- _INSTRUCTIONS FOR THE TASK_:
What is needed here is an exact repetition of the records below, beginning at the line that has "Continue to help" and stopping after the line that has "Image of OZiva".

- _EXTRACTED DATA_:
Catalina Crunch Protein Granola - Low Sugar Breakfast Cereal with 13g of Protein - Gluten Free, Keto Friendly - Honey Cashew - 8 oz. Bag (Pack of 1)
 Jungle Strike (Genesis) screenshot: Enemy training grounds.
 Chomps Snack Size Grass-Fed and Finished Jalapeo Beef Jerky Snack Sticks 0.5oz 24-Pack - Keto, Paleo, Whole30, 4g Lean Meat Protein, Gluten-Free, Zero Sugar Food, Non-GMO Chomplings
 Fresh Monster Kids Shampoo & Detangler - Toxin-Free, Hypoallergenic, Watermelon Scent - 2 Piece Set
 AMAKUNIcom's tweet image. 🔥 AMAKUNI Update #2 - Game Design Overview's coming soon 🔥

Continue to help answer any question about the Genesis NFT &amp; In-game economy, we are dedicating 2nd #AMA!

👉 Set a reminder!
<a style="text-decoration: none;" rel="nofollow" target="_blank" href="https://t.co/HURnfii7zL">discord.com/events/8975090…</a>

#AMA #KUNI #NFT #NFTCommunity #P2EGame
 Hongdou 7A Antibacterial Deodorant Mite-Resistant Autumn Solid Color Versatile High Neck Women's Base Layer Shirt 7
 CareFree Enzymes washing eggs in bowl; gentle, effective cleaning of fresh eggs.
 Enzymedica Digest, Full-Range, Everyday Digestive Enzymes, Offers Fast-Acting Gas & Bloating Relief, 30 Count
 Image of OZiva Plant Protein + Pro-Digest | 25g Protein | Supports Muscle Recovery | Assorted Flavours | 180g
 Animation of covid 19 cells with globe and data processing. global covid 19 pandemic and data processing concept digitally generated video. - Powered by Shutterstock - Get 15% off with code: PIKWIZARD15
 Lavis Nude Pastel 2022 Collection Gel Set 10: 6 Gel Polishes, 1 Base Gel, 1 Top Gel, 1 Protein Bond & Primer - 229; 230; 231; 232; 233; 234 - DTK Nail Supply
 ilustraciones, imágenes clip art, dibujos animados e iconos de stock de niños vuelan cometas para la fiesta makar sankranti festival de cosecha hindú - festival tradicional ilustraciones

- _ANSWER_:
Continue to help answer any question about the Genesis NFT &amp; In-game economy, we are dedicating 2nd #AMA!

👉 Set a reminder!
<a style="text-decoration: none;" rel="nofollow" target="_blank" href="https://t.co/HURnfii7zL">discord.com/events/8975090…</a>

#AMA #KUNI #NFT #NFTCommunity #P2EGame
 Hongdou 7A Antibacterial Deodorant Mite-Resistant Autumn Solid Color Versatile High Neck Women's Base Layer Shirt 7
 CareFree Enzymes washing eggs in bowl; gentle, effective cleaning of fresh eggs.
 Enzymedica Digest, Full-Range, Everyday Digestive Enzymes, Offers Fast-Acting Gas & Bloating Relief, 30 Count
 Image of OZiva Plant Protein + Pro-Digest | 25g Protein | Supports Muscle Recovery | Assorted Flavours | 180g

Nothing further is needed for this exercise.